Zapatistas – rebellion from the grassroots to the global
By Alex Khasnabish

When the Zapatista movement exploded onto the political stage on New Year’s Day in 1994 it seemed to have emerged from nowhere. It captured the headlines of the world’s media and fired the imagination of rebels everywhere with its audacious exploits. The poetic words of its charismatic, masked and pipe-smoking spokesperson, Sub-comandante Marcos became the new credo. It appeared to be a new type of movement, eschewing old dogmas and traditional forms of guerrilla struggle. There were no hierarchies of command – only horizontal networks - and the movement identified with the aspirations and wishes of the Mexican indigenous people; they offered no blueprint for others, merely averring that their ways were developed to suit Mexican reality. It took its name from the legendary Zapata, who was a peasant leader of the first Mexican revolution in 1910.

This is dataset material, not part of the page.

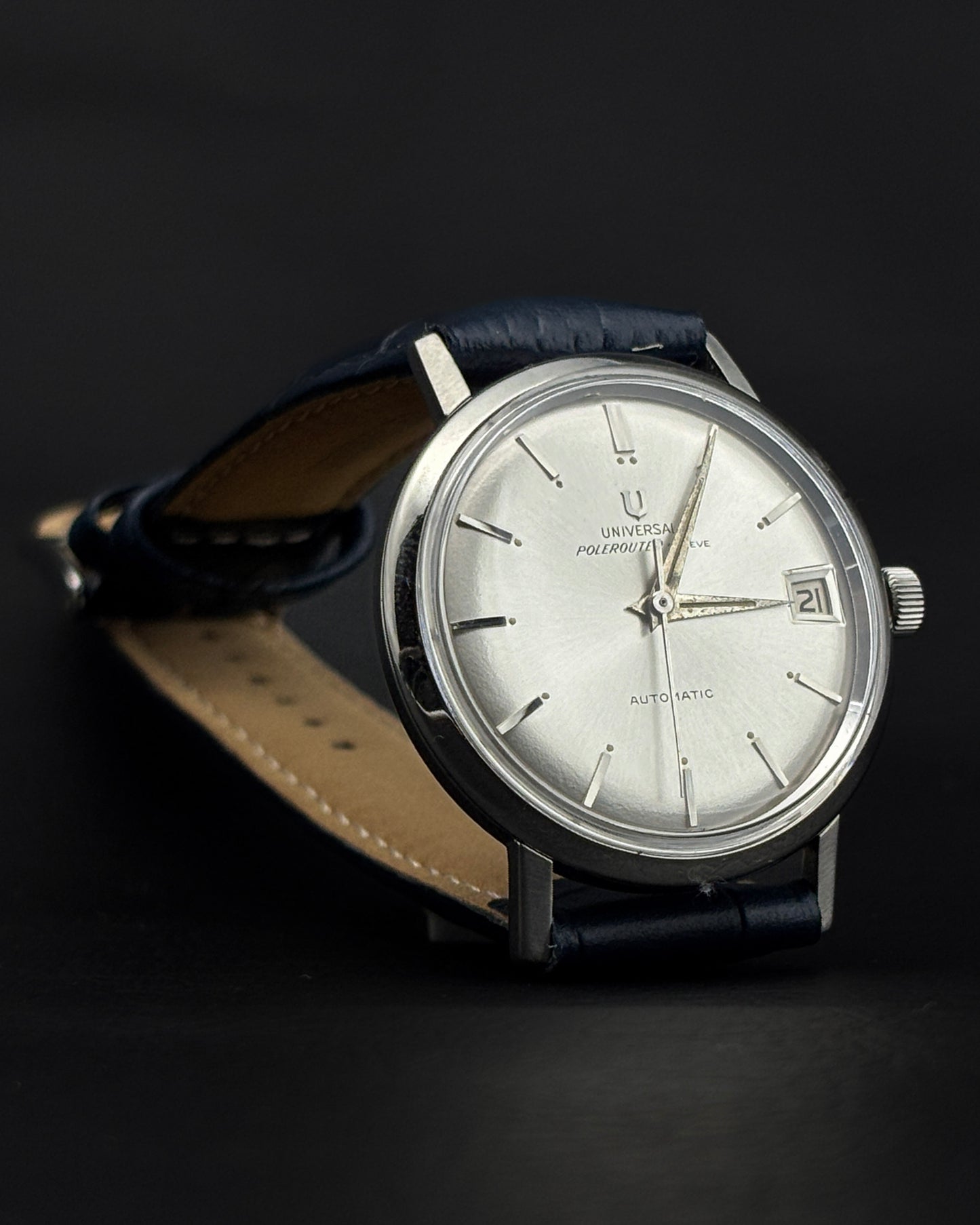 Universal Genève Polerouter 20375-1 |  Silver Dial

Sickened by decades of virtual dictatorial rule by the corrupt Institutional Revolutionary Party and its brutal oppression of the indigenous people, they were orientated toward shorter-term objectives and local movements rather than the longer-term, strategic goals of conventional political actors like parties and trade unions; indeed the Zapatistas declared they were not interested in taking state power.

Their philosophy as expounded by Marcos, in his replies to hypothetical accusations is more an intangible dialectical credo than a real policy or manifesto. It emphasises the movement’s more anarchist than Marxist basis. The Zapatistas see modernisation as representing the obliteration of all that is ‘backward’ ie indigenous in Mexico.

Khasnabish is an Assistant Professor in the Department of Sociology and Anthropology at Mount Saint Vincent University in Canada, and gives an excellent depiction of the roots of ‘Zapatismo’ and relates how the moment evolved. He may be somewhat in thrall to its romantic aura but he doesn’t cross the line of becoming its mouthpiece. He emphasises the world-shattering effect of the Zapatistas, but one has to ask brutally what the movement has in fact achieved on the ground.

It is a very informative book and certainly provokes a rethinking of traditional attitudes and modes of struggle on the Left.